Читателю, более или менее знакомому с бергсоновской философией в целом, настоящая книга могла бы показаться неким «переходом в иной род»,
настолько неожиданной предстает её тема на фоне общего проблемного поля всех предыдущих работ философа. Уже с первой книги 1889 года «Опыт о непосредственных данных сознания» и во всех последующих сочинениях интерес его не выходил за рамки психологической и биологической топики; чем он приобрел себе всемирную известность и славу, так это знаменитой «Творческой эволюцией» с её elan vital и интуицией. Даже программное сочинение 1903 года «Введение в метафизику» держалось по существу на всё тех же диспозитивах: непосредственное постижение жизни против всяческих суррогатов интеллектуального умствования. Биологизм интуитивной философии настолько открыто выставлял свои претензии на абсолютность, что его морально–ценностная нейтральность бросалась в глаза; в критических оценках бергсонианства этому пункту отводилось едва ли не доминирующее значение, нашедшее драстическое выражение в следующей формулировке Рихарда Кронера: «Творческая эволюция производит негодяев в таком же количестве, если не в большем, как и героев, а преступление является таким же неповторимым фактом, как и художественное творчество»[128]. Очевидно именно под влиянием этого обстоятельства уже престарелый философ взялся за новый монументальный труд по традиционной тематике «второй философии», долженствующий отвести все обвинения в пренебрежении ценностной стороной жизненных процессов и вывести чистый «витализм» собственного мировоззрения в гуманитарное измерение. «Два источника морали и религии», увиденные в такой перспективе, представляют собой в целом бергсоновской философии своего рода культурфилософскую параллель к его философии жизни.
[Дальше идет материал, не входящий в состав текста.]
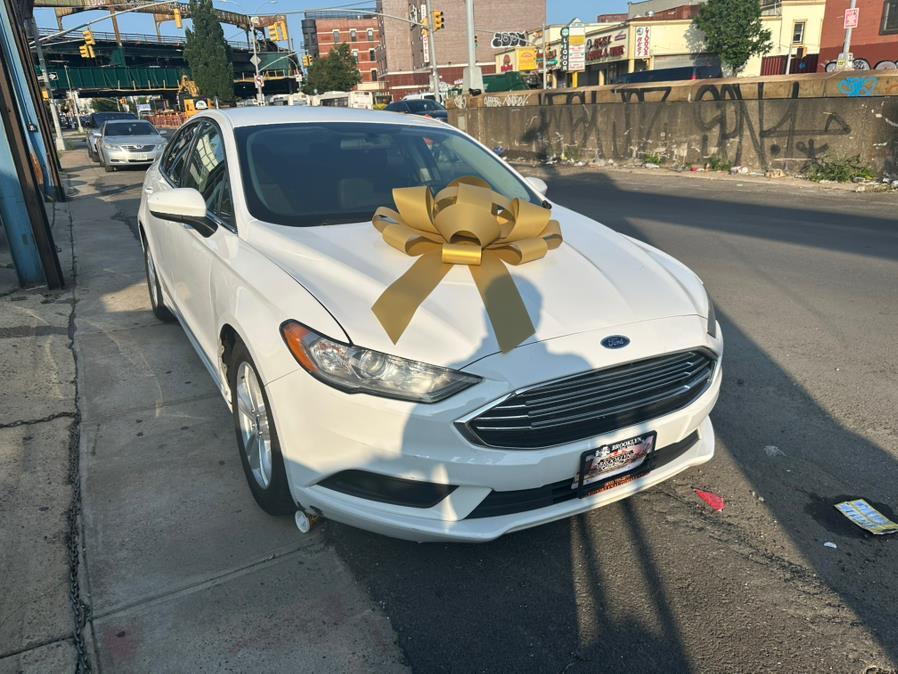 used 2018 Ford Fusion car, priced at $9,999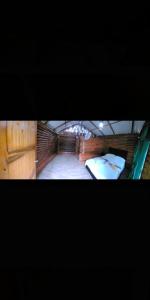 a view of a room with two beds in it at Cabañas orquídea in Norcasia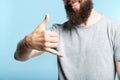 Bearded man show phone call gesture shaka sign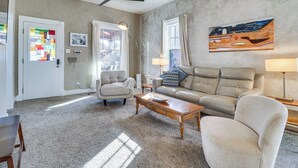A living room with a beige sofa, a wooden coffee table, and a ceiling fan. There is a window with curtains and a painting on the wall. - Deck & Home Office: Walkable Albuquerque Home (Albuquerque)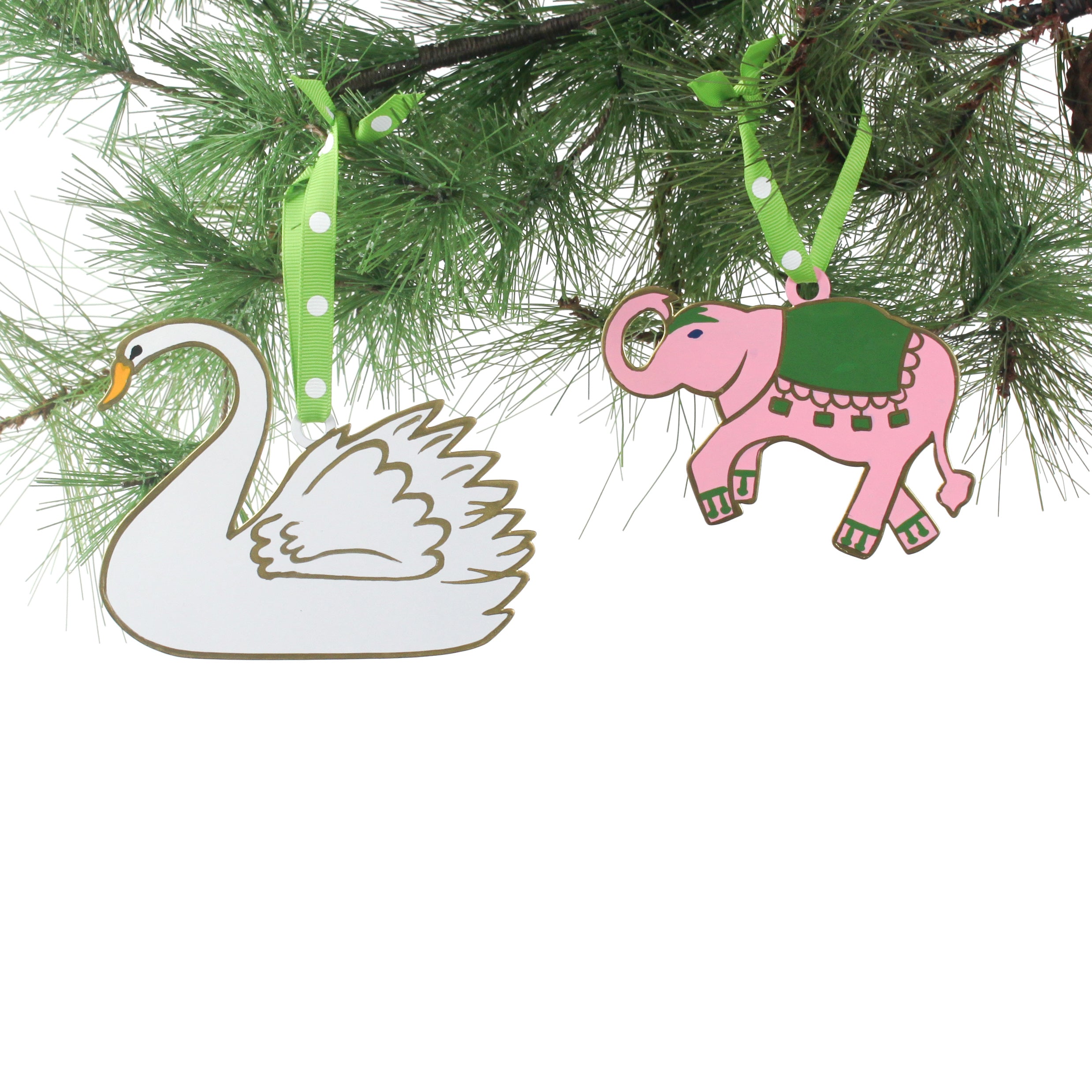 Decorative swan and elephant ornaments on a tree branch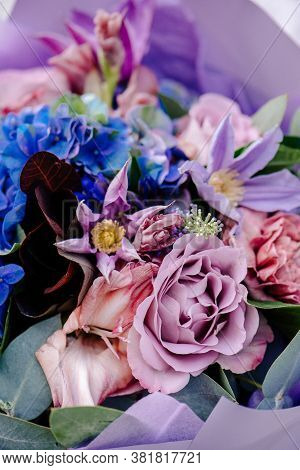 Close-up Bouquet Of Flowers, Packed In Purple Paper On A Light Background. Bouquet Of Eucalyptus, Ca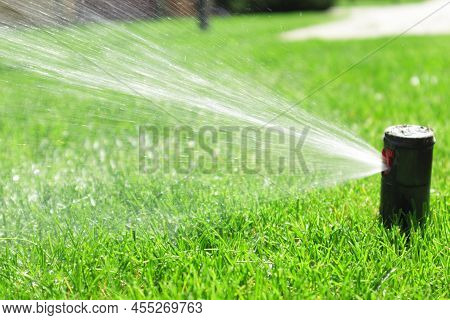 Garden Irrigation System Lawn. Automatic Lawn Sprinkler Watering Green Grass. Selective Focus.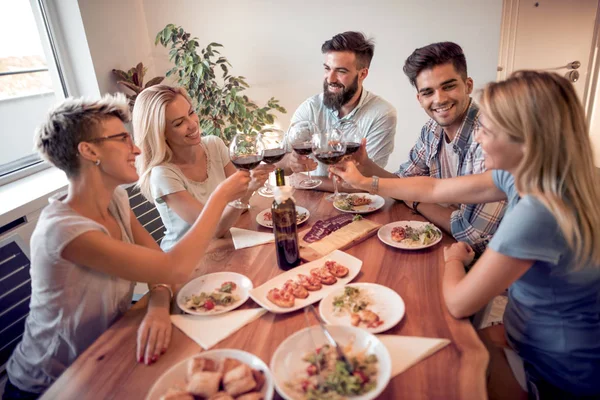 Friends meeting.Group of happy people have friendly conversation,say cheers, laughing at party dinner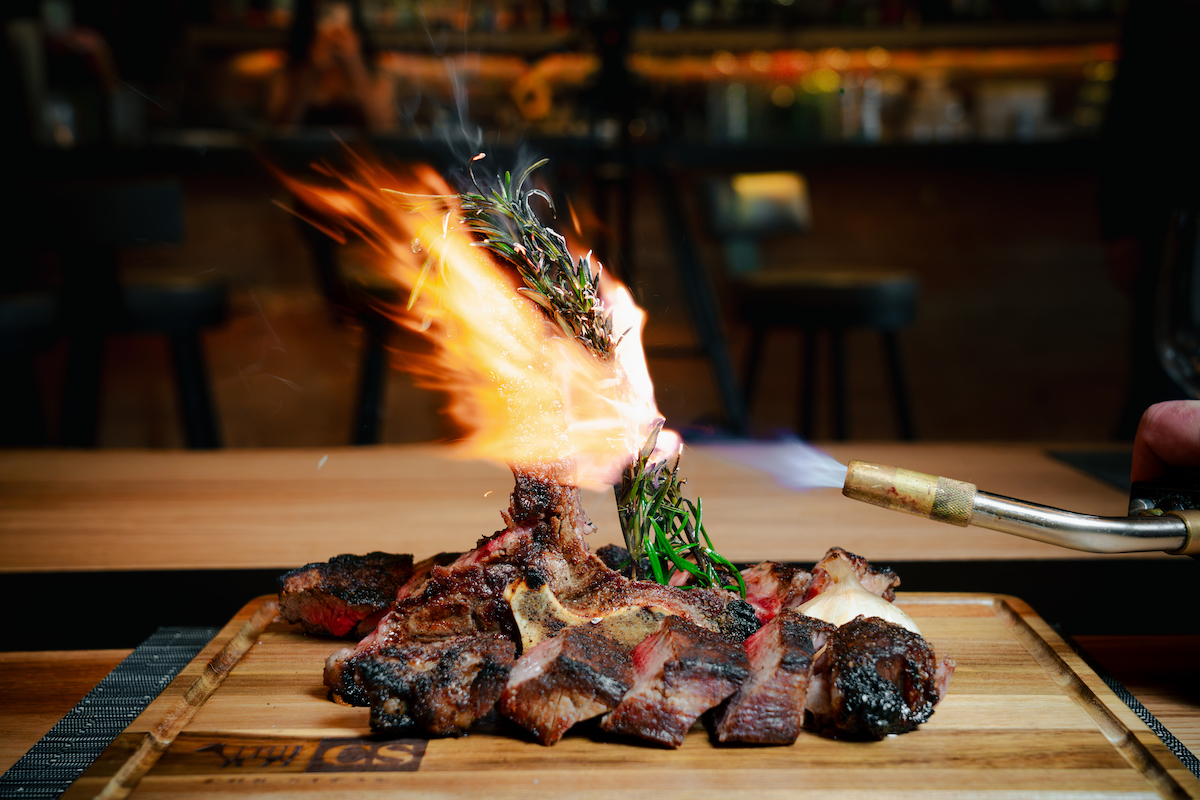 A long-bone tomahawk steak, dry-aged in Chr Steak's glass-walled aging room, is finished tableside with a flaming sprig of rosemary. | Photo by Southern Exposure Media Group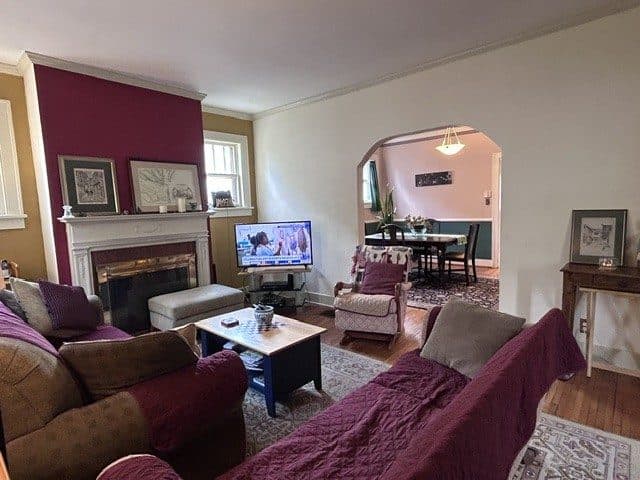 Living room with a wood-burning fireplace and an arched opening to the dining room at 2207 Elliott Avenue, 12 South Nashville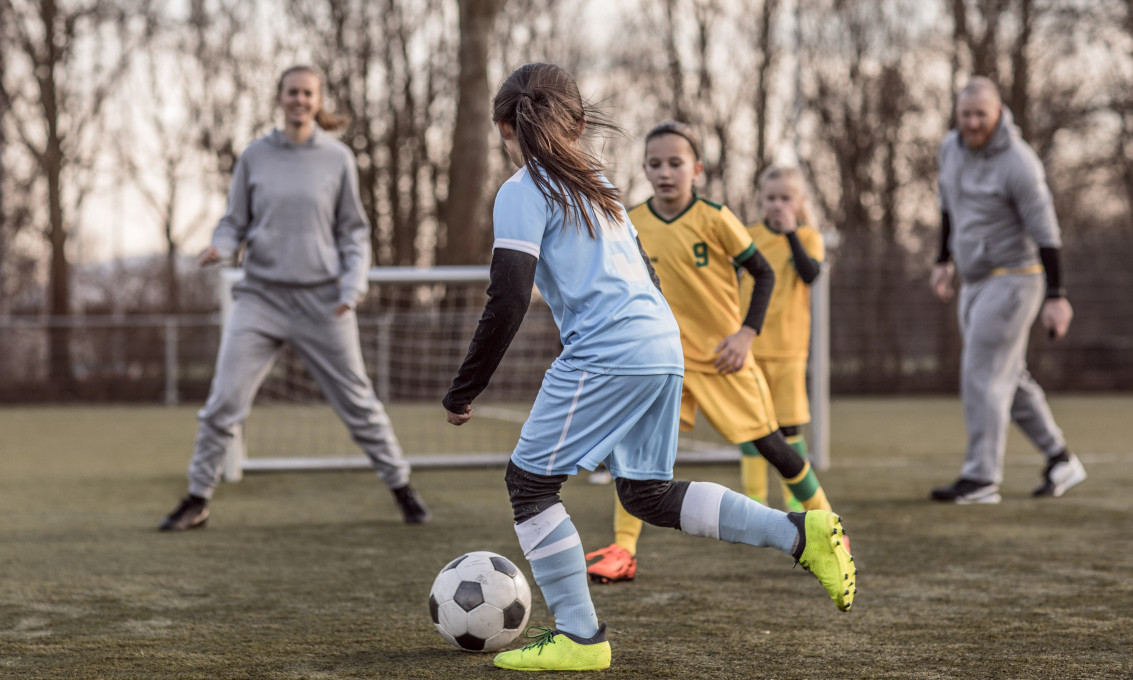 Jenter spiller fotball utendørs. Trener skimtes i bakgrunnen.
Можно было бы поставить вопрос от обратного: чем была бы бергсоновская философия без этого позднего tour de force?
Ибо дело шло не только о ценностном нейтралитете «жизненного порыва», но и — возможно, в первую очередь — о его почти что шокирующей ограниченности. Шутка ли сказать, но наиболее решающие доводы «Творческой эволюции» против механизирующего интеллекта и в пользу интуиции заимствованы из… энтомологии; насекомым знаменитого Фабра принадлежит здесь честь оспаривать и посрамлять homo sapiens. Возникает подозрение, что жизнь (не понятие жизни, а еёнепосредственная данность) позволяет обнаруживать себя во всех организмах, кроме человеческого, ибо (бергсонианский) человек, в отличие от желтокрылого сфекса, оттого и не способен жить сообразно «Творческой эволюции», что над ним тяготеет проклятие картезианского греха, именно: он не живет, а думает, что живет, или, говоря каузально: он думает, что живет, ergo, он не живет вовсе. Ибо жизнь, согласно красочной характеристике «Творческой эволюции», это «вспышка фейерверка среди угасающих и падающих остатков его»[129]. Мыслить жизнь значило бы, таким образом, мыслить саму вспышку; но поскольку наше мышление есть мышление угасающих или вовсе погасших остатков фейерверка (понятий), то мышление и жизнь оказываются несоизмеримыми и даже противопоказанными, столь же противопоказанными, как, скажем, инстинкт и расчет. Очевидно, что философу, мыслящему эту несовместимость, не оставалось иного выбора, как спасаться от культуры на пастбищах руссоизма либо преодолевать собственную мыслебоязнь — но тогда уже не в ущерб жизни, а в наивысшее её подтверждение. Задача сводилась, таким образом, к тому, чтобы любой ценой засвидетельствовать признаки жизни и в делах человеческих под знаком следующей совершенно асимметричной коррекции картезианства: Homo sum, ergo vivo. Книга «Два источника морали и религии» не преследует, собственно, никакой иной цели: философии жизни приходится здесь не потесниться для философии культуры, но преобразиться в неё.